O texto foi publicado no “Metapolítica 17”, apresentado como blog do ministro. Ele começa dizendo que a sua declaração causa pavor à esquerda, dando “a impressão de que existe aí um perigoso segredo de família, cuidadosamente guardado”. E insiste: “podemos facilmente notar que o nazismo tinha traços fundamentais que recomendam classificá-lo na esquerda no espectro político”.

“O nazismo era anti-capitalista, anti-religioso, coletivista, contrário à liberdade individual, promovia a censura e o controle do pensamento pela propaganda e lavagem cerebral, era contrário às estruturas tradicionais da sociedade. Tudo isso o caracteriza como um movimento de esquerda”, escreve Araújo.
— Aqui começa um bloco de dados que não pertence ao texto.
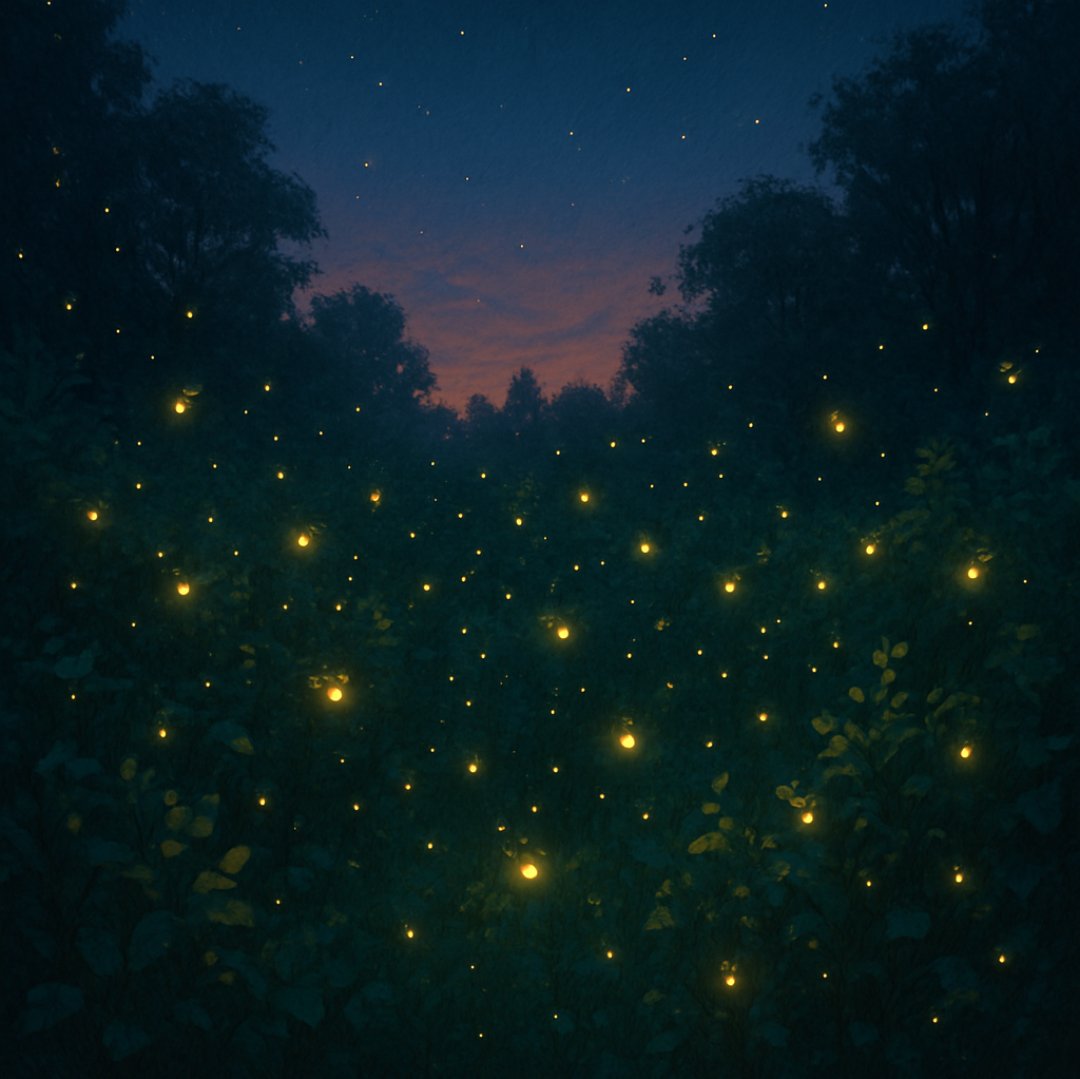 kaktus4307's tweet image. Czerwcowe wieczory ✨ rozświetlają się tańcem robaczków świętojańskich 💫. Migoczą nad łąkami i krzewami 🌿, tworząc magiczny spektakl bez scenariusza i filtra 🌌. Zatrzymajmy się. Oddychajmy. Patrzmy. To lato mówi szeptem światła 💛. #czerwiec #robaczkiświętojańskie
No ano passado, depois de um artigo escrito pelo ministro em 2017 com a mesma ideia se tornar público, o embaixador da Alemanha no Brasil, Georg Witschel, afirmou ao GLOBO que a declaração de que o nazismo era de esquerda “é uma besteira” .

— É uma besteira argumentar que o fascismo e o nazismo são movimentos da esquerda. Isso não é fundamentado, é um erro, é simplesmente uma besteira — analisou Witschel, em outubro de 2018. — Isso é um fato bem fundamentado na História. É um consenso entre os historiadores da Alemanha e do mundo que o nazismo foi um movimento de extrema direita.

No texto publicado neste sábado, Araújo lista o que crê serem as características do nazismo e, em seguida, resume que ele “era anti-liberal e anti-conservador”. “A esquerda também é anti-liberal e anti-conservadora. Já a direita foi em alguns casos anti-liberal (durante o Século XIX na Europa, por exemplo), em outros casos anti-conservadora (ou pelo menos não-conservadora, indiferente aos valores conservadores, como no caso do neoliberalismo recente), mas nunca foi anti-liberal e anti-conservadora ao mesmo tempo. Em tal sentido, o nazismo se sente muito mais confortável no campo da esquerda do que no da direita”, comenta.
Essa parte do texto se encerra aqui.